Reuse, that is to say, how I retargeted lares4-ts

Reuse: how I recycled lares4-ts to power a new product

A couple of years ago I built lares4-ts to power a Homebridge plugin for Ksenia Lares4 security panels. I maintained the plugin for a while, then someone forked it — and had more free time than me. The fork took off, I stepped back, and that was fine.

But the library stayed. Sitting there. Already doing the hard work of speaking the Lares4 WebSocket protocol.

The problem it was already solving

I didn’t want to clone what the fork was doing. So I sat with the question: what else could lares4-ts be the foundation for?

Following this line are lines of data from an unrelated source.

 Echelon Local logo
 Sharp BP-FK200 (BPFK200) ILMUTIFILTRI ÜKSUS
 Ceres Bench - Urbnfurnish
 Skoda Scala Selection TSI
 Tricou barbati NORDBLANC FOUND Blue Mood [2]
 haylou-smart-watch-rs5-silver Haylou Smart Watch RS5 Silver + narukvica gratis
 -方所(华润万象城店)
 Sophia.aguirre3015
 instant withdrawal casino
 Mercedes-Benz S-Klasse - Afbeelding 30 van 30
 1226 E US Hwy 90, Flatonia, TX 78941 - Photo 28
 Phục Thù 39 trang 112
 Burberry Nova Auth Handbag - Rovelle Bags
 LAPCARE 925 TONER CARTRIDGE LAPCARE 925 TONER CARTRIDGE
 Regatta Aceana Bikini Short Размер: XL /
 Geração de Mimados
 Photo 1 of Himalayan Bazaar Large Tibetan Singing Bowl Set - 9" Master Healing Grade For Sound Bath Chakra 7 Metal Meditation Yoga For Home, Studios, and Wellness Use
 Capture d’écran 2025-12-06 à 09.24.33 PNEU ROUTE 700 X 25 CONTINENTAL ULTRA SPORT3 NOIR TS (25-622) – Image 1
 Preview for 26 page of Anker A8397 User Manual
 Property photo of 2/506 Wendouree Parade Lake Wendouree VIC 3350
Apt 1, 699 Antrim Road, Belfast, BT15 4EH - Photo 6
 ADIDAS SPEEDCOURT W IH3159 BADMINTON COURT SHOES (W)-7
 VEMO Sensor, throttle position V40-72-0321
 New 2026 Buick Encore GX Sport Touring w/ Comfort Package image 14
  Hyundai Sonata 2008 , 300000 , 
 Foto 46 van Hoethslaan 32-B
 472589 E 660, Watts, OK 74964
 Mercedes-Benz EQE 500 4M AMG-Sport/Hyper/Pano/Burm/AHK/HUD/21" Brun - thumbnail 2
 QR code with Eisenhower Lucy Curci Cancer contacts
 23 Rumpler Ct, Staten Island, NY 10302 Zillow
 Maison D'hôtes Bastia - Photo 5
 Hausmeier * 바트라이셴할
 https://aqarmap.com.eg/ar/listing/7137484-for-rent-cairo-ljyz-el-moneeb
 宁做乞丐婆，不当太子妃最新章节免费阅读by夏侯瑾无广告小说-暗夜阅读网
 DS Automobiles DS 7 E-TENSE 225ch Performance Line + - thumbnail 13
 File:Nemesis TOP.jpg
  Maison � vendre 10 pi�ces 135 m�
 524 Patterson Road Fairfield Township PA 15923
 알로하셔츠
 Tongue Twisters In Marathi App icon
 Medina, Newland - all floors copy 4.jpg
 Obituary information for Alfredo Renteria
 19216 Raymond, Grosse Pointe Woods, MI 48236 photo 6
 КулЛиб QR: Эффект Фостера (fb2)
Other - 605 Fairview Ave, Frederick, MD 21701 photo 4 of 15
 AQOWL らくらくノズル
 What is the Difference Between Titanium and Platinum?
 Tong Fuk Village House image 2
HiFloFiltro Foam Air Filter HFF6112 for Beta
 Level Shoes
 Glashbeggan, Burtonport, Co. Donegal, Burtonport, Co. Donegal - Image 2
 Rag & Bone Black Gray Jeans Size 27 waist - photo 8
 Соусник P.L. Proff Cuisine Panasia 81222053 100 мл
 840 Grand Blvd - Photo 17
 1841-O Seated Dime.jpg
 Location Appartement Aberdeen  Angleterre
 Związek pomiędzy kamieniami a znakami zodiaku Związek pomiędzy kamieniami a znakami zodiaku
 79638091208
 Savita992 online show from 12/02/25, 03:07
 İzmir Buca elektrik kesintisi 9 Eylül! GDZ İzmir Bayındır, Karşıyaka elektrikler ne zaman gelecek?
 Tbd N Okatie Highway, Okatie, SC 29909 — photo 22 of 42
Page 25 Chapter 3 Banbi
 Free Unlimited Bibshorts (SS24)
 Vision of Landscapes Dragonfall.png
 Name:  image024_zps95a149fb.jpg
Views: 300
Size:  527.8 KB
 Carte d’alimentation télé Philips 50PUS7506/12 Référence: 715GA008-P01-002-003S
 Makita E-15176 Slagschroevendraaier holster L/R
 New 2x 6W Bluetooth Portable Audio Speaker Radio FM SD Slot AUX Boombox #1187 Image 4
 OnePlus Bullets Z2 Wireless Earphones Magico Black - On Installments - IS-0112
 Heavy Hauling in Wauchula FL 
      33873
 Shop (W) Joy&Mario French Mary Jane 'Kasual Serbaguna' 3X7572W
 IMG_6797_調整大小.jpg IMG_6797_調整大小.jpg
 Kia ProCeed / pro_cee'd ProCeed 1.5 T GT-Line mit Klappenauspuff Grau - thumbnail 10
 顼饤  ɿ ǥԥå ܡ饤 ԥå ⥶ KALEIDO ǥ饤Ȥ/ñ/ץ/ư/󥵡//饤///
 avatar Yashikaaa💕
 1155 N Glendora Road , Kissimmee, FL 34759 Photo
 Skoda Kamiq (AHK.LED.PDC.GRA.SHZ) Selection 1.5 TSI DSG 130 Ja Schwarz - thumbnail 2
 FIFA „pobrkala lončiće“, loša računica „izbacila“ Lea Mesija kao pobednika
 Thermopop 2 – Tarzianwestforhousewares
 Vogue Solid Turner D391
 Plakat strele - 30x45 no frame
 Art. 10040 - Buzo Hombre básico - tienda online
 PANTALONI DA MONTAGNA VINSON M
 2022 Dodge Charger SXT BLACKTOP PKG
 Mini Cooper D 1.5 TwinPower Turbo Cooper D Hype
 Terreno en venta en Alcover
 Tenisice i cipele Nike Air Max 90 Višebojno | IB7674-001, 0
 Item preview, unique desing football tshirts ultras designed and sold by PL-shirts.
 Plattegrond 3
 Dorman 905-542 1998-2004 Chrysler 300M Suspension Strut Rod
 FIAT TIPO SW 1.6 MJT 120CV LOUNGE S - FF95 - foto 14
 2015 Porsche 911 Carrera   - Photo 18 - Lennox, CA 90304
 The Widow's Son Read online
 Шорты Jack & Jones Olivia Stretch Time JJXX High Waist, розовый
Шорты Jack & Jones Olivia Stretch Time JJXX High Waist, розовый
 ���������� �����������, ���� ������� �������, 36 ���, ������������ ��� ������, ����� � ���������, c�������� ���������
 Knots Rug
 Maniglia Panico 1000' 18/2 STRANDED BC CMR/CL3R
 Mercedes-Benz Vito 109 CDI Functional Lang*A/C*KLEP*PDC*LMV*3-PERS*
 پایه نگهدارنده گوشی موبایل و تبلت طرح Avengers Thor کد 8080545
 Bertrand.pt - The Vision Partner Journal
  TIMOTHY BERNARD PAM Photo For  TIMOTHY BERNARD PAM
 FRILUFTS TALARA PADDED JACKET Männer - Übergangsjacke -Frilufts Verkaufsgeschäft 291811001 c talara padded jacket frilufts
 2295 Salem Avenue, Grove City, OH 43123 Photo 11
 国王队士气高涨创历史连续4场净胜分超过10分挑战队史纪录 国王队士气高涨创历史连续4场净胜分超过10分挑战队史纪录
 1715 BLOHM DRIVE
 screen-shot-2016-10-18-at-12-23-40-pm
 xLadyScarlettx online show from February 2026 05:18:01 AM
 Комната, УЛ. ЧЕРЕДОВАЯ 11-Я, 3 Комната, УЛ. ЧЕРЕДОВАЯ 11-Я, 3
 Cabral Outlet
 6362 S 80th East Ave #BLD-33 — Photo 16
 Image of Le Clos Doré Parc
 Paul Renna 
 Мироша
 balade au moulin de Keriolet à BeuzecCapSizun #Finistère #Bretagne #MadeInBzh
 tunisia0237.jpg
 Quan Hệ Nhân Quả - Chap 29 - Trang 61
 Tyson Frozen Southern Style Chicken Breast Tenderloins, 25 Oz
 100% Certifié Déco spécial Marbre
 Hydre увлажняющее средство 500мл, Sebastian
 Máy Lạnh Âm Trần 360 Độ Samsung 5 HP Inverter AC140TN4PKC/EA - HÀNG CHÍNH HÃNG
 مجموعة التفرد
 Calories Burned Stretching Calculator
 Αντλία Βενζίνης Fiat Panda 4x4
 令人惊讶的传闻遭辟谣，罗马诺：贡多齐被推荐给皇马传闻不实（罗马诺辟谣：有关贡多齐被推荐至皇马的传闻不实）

The answer came from memory. Building the library had been genuinely painful. The Lares4 protocol is chatty, lightly documented, and the only way to understand it is to stare at raw JSON frames scrolling through a terminal. No context, no history, no way to save the connection setup you just typed. Every session starting from scratch.

I’d lived through that. Anyone integrating with a Lares4 panel was living through the same thing right now.

The recycling insight

Reuse isn’t just about code. It’s about knowledge.

When I built lares4-ts, I didn’t just write a library — I learned the protocol. Which fields matter, how status transitions work, what a malformed frame looks like. That knowledge doesn’t live in the npm package. It lives in my head. And it’s just as reusable as the code.

Before starting something new, ask yourself: where have I already paid the learning cost? What could I build where that cost is already sunk?

For me the answer was obvious. A proper debug console for the Lares4 protocol. Not a browser tab, not a script. A real native tool, powered by the library that already knew how to decode every frame.

What the console is

lares4-console is a native desktop app for anyone working with Lares4 panels — integrators, home automation developers, installers debugging a deployment. Connect with IP, PIN, and sender ID, save it as a profile, reconnect with one click next time.

The workspace splits into three panes: a log of every frame, a detail view that pretty-prints whatever you select, and a command pane to send anything back. Frames are decoded through lares4-ts — you see named fields and status transitions, not raw JSON. The console shows you what the protocol means, not just what it says.

Built on Tauri 2 and React. Small binary, no Electron, full light/dark theming. macOS, Windows, Linux.

What I added on top

The core console is already useful. But with protocol comprehension handled, I had headroom for the workbench layer.

Macros let you sequence and replay commands. Triggers match incoming frames against conditions and fire actions — useful for catching timing-sensitive behavior you’d miss watching manually. Session capture writes every session to SQLite: replay it frame by frame, scrub through it, send the file to someone who can’t reach the panel. Annotations let you pin notes to frames so you still have context when reviewing later.

The takeaway

lares4-console took less time to build than lares4-ts did. Not because the console is simpler — it isn’t — but because the protocol was already solved.

Your past projects aren’t just artifacts. They’re compressed expertise. Look at what you’ve already built and ask what each one actually knows. Somewhere in there is probably a product waiting to be extracted.